[libvirt] Suboptimal default cpu Cgroup

Fri Aug 15 14:08:34 UTC 2014

2014-08-15 10:50+0200, Martin Kletzander:
> On Thu, Aug 14, 2014 at 04:25:05PM +0200, Radim Krčmář wrote:
> >Hello,
> >
> >by default, libvirt with KVM creates a Cgroup hierarchy in 'cpu,cpuacct'
> >[1], with 'shares' set to 1024 on every level.  This raises two points:
> >
> >1) Every VM is given an equal amount of CPU time. [2]
> >  ($CG/machine.slice/*/shares = 1024)
> >
> >  Which means that smaller / less loaded guests are given an advantage.
> >
> 
> This is a default with which we do nothing unless the user (or mgmt
> app) wants to.

(I'd argue that the default is to do nothing at all ;)

>                 What you say is true only when there is no spare time
> (the machines need more time than available).  Such overcommit is the
> problem of the user, I'd say.

I don't like that it breaks an assumption that VCPU behaves as a task.

(Complicated systems are hard to operate without consistency and our
 behavior is really punishing for users that don't read everything.)
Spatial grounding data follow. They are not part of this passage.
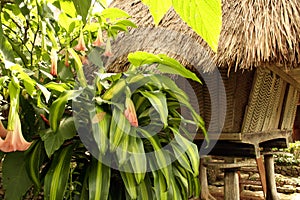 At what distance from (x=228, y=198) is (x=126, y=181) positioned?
1.44m

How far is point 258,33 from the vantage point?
189cm

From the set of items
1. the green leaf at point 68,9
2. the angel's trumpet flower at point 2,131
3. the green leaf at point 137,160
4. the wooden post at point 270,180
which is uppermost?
the green leaf at point 68,9

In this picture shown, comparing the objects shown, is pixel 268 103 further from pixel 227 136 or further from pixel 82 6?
pixel 82 6

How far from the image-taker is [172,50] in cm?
209

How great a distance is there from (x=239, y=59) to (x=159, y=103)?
28.2 inches

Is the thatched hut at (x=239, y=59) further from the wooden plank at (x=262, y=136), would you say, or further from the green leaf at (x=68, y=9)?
the green leaf at (x=68, y=9)

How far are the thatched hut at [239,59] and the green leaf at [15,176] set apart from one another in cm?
99

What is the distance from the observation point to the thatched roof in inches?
71.9

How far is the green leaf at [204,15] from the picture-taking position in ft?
0.84

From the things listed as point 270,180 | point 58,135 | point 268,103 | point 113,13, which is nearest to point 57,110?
point 58,135

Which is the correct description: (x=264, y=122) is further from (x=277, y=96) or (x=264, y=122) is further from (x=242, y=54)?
(x=242, y=54)

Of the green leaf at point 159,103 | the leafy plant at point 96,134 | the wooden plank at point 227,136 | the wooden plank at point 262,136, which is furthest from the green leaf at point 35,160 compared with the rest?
the wooden plank at point 262,136

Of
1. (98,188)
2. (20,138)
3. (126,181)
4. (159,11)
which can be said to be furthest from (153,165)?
(159,11)

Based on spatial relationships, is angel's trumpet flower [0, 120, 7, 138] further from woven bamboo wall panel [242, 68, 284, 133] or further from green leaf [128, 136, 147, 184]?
woven bamboo wall panel [242, 68, 284, 133] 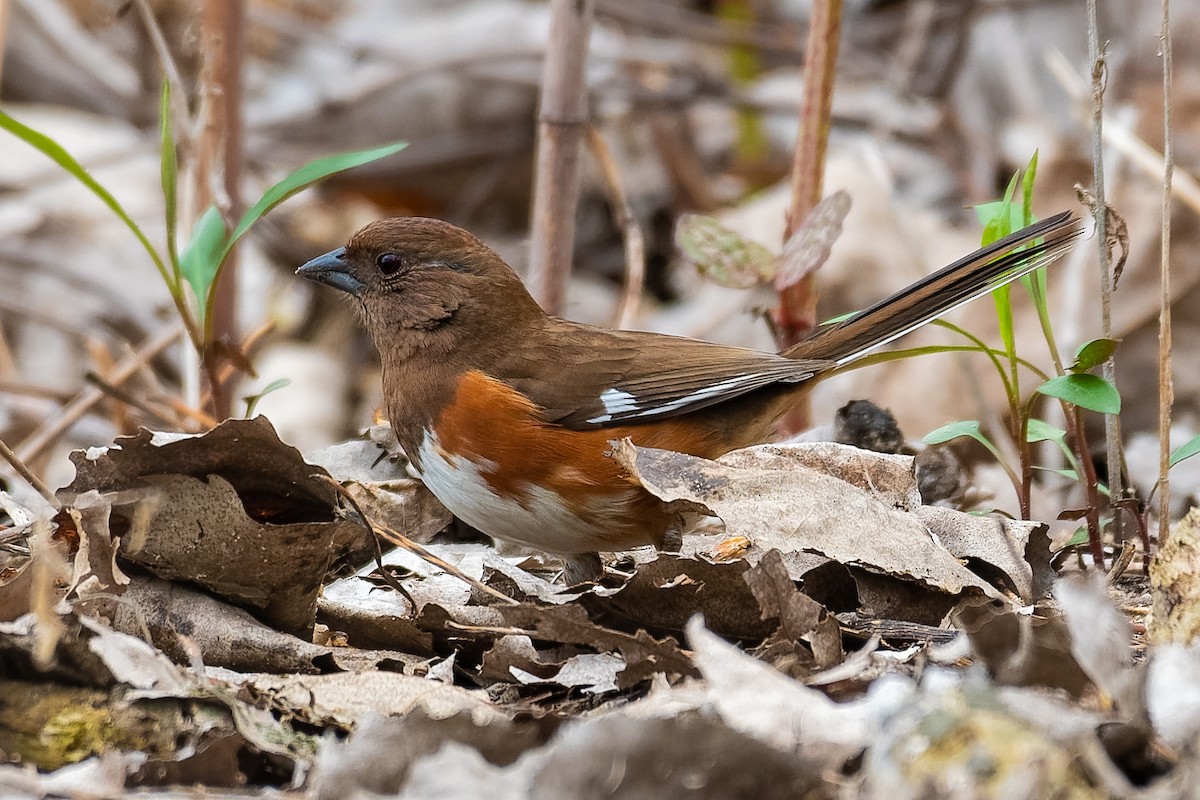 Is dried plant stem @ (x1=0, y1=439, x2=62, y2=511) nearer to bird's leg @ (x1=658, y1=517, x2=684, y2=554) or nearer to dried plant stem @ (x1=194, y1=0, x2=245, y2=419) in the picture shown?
bird's leg @ (x1=658, y1=517, x2=684, y2=554)

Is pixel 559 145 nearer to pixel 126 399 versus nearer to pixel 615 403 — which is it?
pixel 615 403

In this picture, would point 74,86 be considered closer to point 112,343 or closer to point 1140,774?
point 112,343

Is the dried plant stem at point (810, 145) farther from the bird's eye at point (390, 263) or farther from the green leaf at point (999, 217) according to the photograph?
the bird's eye at point (390, 263)

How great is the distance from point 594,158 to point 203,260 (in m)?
5.39

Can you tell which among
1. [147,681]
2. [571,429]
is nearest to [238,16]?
[571,429]

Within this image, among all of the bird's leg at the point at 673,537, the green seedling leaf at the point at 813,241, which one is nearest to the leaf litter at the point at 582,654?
the bird's leg at the point at 673,537

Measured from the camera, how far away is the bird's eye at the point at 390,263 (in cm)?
390

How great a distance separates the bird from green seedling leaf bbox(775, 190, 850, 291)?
0.18 metres

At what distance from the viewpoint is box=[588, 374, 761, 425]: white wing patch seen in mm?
3480

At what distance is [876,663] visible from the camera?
2.29 m

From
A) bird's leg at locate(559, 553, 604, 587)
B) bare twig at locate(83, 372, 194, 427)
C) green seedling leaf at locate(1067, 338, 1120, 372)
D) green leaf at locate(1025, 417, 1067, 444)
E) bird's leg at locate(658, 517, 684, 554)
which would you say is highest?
green seedling leaf at locate(1067, 338, 1120, 372)

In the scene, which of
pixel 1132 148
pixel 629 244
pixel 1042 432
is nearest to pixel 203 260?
pixel 629 244

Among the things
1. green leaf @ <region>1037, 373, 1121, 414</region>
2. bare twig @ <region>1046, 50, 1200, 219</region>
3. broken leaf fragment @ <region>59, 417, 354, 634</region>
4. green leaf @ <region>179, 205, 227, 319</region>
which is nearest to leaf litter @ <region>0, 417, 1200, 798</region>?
broken leaf fragment @ <region>59, 417, 354, 634</region>

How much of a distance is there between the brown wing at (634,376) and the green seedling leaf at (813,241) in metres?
0.28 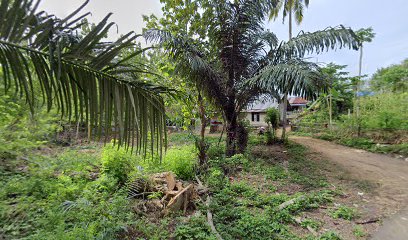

> >2) All VMs combined are given 1024 shares. [3]
> >  ($CG/machine.slice/shares)
> >
> 
> This is a problem even on system without slices (systemd), because
> there is /machine/cpu.shares == 1024 anyway.

(Thanks, haven't noticed this on my professionally deformed userspace
 choices.)

>                                               Is there a way to
> disable hierarchy in this case (to say cpu.shares=-1 for example)?

Apart from the obvious "don't create what you don't want", probably not,
cpu.shares are clamped by 2 and 2^18.

> Because if not, then it has only limited use (we cannot prepare the
> hierarchy and just write a number in some file when we want to start
> using it).  That's a pity, but there are probably less use cases then
> hundreds of lines of code that would need to be changed in order to
> support this in kernel.

And hierarchy imposes performance degradation as well, so developers
probably never expected we'd create useless cgroups.
(Should be proportional to their depth => having {emulator,vcpu*} by
 default is counterproductive as well.)

Creating the hierarchy on demand is not much harder than writing a
value, especially if we do it through libvirt anyway.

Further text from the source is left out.